Special programming for the "Ford's 150" includes a museum exhibition that will return artifacts connected with the events of Lincoln's assassination to the Ford's Theatre campus for the first time since April 1865; an around-the-clock vigil on April 14-15 marking the events of Lincoln's shooting and death; performances of the Society's one-act plays One Destiny and The Road From Appomattox; History on Foot walking tours; a series of free panel discussions featuring historians and scholars; "Remembering Lincoln:" An online collection of personal reactions and artifacts showcasing the response to Abraham Lincoln's death; and more. A full programming schedule will be announced in January 2015.
"Daily at Ford's we seek to honor Lincoln and the tremendous impact his life, leadership and death had on our nation," director Paul R. Tetreault said in a statement. "With next year's season, we will celebrate classic stories of generosity and friendship, and pay tribute to one of our nation's greatest leaders through a vast array of engaging events, lectures, exhibitions and vigils on our campus. We welcome all to learn our national history, celebrate Lincoln's life and be inspired by his vision."
Additionally, Ford's Theatre is committing to a new commissioning initiative, featuring female playwrights. Jessica Dickey, Elaine Romero and Karen Zacarías are the first of many to be commissioned to write plays for upcoming seasons.
"For too long, plays by women have been underrepresented on the American theatre stage," Tetreault said. "Ford's is making a commitment to showcasing women's voices and to developing new plays that explore the American experience and Lincoln's legacy. In addition to participating in the fall 2015 Women's Voices Theatre Festival in Washington, we have commissioned three amazing playwrights to develop work for us."

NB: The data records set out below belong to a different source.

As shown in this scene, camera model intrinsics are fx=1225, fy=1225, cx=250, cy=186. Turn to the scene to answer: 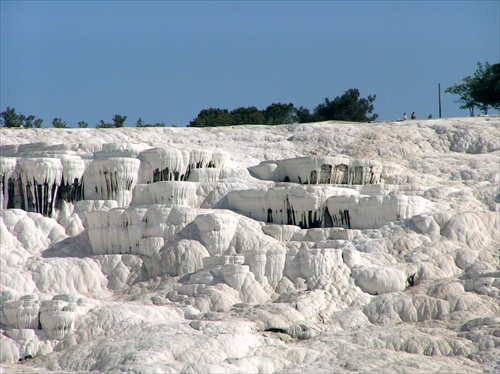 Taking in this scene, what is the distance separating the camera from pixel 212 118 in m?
73.2

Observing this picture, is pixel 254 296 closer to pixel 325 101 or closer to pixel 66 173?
pixel 66 173

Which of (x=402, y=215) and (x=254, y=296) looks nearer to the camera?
(x=254, y=296)

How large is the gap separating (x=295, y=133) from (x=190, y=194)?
33.7 feet

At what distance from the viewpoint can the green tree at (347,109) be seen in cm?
7438

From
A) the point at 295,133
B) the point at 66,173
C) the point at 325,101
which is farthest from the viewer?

The season-at-glance follows.
Driving Miss Daisy
Featuring Nancy Robinette and Craig Wallace
By Alfred Uhry
Directed by Jennifer L. Nelson
Sept. 26-Oct. 26
"When Daisy Werthan causes a car wreck, her son hires hard-working chauffer Hoke Colburn to look after her. What begins as a hostile clashing of wills between a stubborn Jewish matriarch and a proud black man evolves into a decades-long friendship as the two navigate Civil Rights-era Atlanta. With humor and heartfelt emotion, Alfred Uhry's Pulitzer Prize-winning play poignantly explores the transformative power of true friendship. Acclaimed Washington stage actors Nancy Robinette and Craig Wallace return to Ford's to perform in this beloved classic."
A Christmas Carol
Edward Gero returns as Scrooge
By Charles Dickens
Adapted by Michael Wilson
Directed by Michael Baron
Nov. 20-Jan. 1, 2015
"The annual Ford's Theatre production of A Christmas Carol has been a Washington tradition for more than 30 years. Join the ghosts of Christmas Past, Present and Future as they lead the miserly Ebenezer Scrooge on a journey of transformation and redemption. Originally conceived by Michael Baron, this music-infused production captures the magic and joy of Dickens's Yuletide classic."
The Widow Lincoln
By James Still
Directed by Stephen Rayne
Jan. 23-Feb. 22
"Ridiculed for her elaborate White House redecorations and extravagant expenditures, Mary Todd Lincoln sparked more controversy than any First Lady before or since. Set during the weeks following Abraham Lincoln's murder at Ford's Theatre, The Widow Lincoln portrays a very human Mary in the aftermath of her husband's death as she mourns the post-war life they will never share. Playwright James Still (The Heavens Are Hung in Black) returns with an emotional drama that explores the tenacious attitudes and heartbreaking grief of the maligned 'Mrs. President.' Ford's Theatre commissioned this world premiere as part of the Ford's 150, a series of events commemorating the 150th anniversary of Lincoln's assassination."
Abraham Lincoln and The Civil War
By Frank Wildhorn, Gregory Boyd and Jack Murphy
Music by Frank Wildhorn
Adapted by Richard Hellesen and Mark Ramont
Directed by Jeff Calhoun
March 13-May 16
"This epic, concert-style musical features the words of Abraham Lincoln and music inspired by those who lived through the Civil War. With rousing music and stirring speeches, the musical evokes the soaring hopes and tragic losses of the real people of Civil War America. Jeff Calhoun (Newsies) returns to direct this lively historical opus. Ford's Theatre is developing this work as part of the Ford's 150, a series of events commemorating the 150th anniversary of Lincoln's assassination."